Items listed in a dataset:
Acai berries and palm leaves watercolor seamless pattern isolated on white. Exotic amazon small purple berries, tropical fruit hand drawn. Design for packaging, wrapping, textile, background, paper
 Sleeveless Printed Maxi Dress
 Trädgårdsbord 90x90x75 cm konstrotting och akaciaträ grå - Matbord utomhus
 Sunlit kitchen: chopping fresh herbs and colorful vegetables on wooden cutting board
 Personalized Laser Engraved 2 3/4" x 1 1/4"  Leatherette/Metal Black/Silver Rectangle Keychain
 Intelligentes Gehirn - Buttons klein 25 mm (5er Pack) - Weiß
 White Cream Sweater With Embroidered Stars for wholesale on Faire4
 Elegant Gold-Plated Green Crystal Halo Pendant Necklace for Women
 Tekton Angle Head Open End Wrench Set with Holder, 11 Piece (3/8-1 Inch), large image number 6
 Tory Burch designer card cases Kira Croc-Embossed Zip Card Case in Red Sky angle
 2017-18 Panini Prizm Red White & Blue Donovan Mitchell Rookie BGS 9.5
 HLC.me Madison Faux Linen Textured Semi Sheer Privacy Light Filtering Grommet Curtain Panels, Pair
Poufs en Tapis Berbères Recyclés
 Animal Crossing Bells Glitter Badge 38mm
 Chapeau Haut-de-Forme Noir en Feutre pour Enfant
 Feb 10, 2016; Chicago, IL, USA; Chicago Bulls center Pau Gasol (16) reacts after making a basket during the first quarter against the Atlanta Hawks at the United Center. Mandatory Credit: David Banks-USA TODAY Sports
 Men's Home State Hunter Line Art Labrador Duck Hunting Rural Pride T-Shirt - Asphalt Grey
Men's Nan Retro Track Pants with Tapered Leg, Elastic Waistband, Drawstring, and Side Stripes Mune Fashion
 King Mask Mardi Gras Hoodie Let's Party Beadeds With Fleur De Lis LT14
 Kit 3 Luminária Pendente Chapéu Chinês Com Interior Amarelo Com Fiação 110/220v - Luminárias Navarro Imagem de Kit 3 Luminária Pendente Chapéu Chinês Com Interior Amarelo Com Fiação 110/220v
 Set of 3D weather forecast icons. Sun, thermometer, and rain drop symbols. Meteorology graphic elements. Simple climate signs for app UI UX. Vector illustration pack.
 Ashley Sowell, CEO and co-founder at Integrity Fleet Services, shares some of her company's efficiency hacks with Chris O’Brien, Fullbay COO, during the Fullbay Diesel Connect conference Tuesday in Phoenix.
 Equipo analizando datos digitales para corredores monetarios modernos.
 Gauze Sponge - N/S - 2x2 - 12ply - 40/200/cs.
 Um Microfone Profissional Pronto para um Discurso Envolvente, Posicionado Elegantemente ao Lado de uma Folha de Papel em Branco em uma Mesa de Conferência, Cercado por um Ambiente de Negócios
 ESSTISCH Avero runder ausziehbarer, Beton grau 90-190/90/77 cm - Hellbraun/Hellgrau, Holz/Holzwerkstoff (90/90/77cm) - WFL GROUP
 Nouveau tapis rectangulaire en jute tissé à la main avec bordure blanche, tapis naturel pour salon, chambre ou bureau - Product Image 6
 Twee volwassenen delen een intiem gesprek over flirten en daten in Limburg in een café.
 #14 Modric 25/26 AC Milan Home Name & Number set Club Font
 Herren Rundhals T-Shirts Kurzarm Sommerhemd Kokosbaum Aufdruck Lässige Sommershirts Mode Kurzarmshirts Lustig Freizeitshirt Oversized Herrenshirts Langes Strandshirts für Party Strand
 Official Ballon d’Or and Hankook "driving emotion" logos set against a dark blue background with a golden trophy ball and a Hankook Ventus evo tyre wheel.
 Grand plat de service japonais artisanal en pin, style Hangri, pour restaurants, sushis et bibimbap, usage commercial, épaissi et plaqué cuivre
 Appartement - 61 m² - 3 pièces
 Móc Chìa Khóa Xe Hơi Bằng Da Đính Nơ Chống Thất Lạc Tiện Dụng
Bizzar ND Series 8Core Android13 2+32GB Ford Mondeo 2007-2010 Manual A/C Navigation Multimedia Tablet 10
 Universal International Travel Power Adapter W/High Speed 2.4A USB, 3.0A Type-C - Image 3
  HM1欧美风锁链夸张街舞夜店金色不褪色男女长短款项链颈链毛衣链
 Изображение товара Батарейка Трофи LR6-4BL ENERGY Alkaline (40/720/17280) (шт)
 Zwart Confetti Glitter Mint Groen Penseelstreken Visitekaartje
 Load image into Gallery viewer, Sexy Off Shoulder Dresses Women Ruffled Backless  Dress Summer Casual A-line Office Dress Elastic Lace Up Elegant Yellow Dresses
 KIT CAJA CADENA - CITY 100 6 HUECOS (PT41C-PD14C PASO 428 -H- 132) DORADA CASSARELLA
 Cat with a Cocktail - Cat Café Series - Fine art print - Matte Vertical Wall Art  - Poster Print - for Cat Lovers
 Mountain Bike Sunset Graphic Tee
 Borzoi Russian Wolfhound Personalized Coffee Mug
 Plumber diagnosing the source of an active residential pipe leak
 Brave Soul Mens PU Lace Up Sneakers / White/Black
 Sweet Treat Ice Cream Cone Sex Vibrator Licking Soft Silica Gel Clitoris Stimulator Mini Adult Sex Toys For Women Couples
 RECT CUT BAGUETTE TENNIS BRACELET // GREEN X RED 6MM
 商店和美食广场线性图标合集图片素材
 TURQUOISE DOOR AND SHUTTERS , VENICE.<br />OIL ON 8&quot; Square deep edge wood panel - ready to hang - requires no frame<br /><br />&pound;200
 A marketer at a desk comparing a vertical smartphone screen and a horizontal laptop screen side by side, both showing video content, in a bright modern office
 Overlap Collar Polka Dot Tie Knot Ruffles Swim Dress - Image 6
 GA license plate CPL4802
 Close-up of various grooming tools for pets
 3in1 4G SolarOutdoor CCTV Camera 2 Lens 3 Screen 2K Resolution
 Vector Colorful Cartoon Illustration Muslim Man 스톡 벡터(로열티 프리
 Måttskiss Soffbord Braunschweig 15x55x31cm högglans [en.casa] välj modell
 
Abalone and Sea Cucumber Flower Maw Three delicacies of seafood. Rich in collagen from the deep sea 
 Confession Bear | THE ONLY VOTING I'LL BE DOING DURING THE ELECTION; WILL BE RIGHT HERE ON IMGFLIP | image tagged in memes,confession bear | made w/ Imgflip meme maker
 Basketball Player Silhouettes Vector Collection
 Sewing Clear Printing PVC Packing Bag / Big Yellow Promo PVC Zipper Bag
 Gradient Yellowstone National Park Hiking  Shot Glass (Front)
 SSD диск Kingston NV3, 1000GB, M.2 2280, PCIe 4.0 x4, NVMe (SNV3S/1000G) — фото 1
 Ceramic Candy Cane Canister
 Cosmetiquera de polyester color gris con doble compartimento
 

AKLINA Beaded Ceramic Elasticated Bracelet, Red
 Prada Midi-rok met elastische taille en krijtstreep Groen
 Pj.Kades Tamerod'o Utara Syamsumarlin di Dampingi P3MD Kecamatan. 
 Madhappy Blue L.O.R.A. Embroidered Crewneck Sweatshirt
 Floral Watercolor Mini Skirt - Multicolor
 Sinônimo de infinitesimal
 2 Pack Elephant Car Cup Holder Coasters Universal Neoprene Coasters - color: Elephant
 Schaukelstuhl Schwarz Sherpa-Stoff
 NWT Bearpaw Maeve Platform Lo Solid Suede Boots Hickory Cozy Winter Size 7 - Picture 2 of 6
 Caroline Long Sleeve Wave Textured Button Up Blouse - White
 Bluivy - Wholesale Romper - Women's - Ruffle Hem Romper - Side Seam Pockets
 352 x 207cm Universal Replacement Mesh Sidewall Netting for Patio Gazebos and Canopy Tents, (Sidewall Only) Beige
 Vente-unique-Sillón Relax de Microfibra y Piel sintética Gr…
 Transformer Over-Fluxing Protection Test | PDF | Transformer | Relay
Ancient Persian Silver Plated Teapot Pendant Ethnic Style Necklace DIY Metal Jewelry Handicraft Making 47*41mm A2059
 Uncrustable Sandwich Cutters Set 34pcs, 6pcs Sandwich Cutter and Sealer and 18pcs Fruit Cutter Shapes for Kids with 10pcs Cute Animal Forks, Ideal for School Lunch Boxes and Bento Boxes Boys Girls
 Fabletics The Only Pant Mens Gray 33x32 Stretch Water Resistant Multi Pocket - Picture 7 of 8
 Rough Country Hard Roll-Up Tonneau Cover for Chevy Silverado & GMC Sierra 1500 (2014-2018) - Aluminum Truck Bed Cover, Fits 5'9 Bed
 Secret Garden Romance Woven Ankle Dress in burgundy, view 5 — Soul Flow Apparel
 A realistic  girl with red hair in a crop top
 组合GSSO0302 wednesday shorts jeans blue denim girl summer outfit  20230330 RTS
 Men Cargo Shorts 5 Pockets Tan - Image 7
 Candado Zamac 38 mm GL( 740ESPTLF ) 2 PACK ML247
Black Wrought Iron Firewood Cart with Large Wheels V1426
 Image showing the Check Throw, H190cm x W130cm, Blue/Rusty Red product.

Aim of the task
Take the entries above and copy them exactly from the first line through the line with "Tekton Angle Head"; leave out every line after it.

Result
Acai berries and palm leaves watercolor seamless pattern isolated on white. Exotic amazon small purple berries, tropical fruit hand drawn. Design for packaging, wrapping, textile, background, paper
 Sleeveless Printed Maxi Dress
 Trädgårdsbord 90x90x75 cm konstrotting och akaciaträ grå - Matbord utomhus
 Sunlit kitchen: chopping fresh herbs and colorful vegetables on wooden cutting board
 Personalized Laser Engraved 2 3/4" x 1 1/4"  Leatherette/Metal Black/Silver Rectangle Keychain
 Intelligentes Gehirn - Buttons klein 25 mm (5er Pack) - Weiß
 White Cream Sweater With Embroidered Stars for wholesale on Faire4
 Elegant Gold-Plated Green Crystal Halo Pendant Necklace for Women
 Tekton Angle Head Open End Wrench Set with Holder, 11 Piece (3/8-1 Inch), large image number 6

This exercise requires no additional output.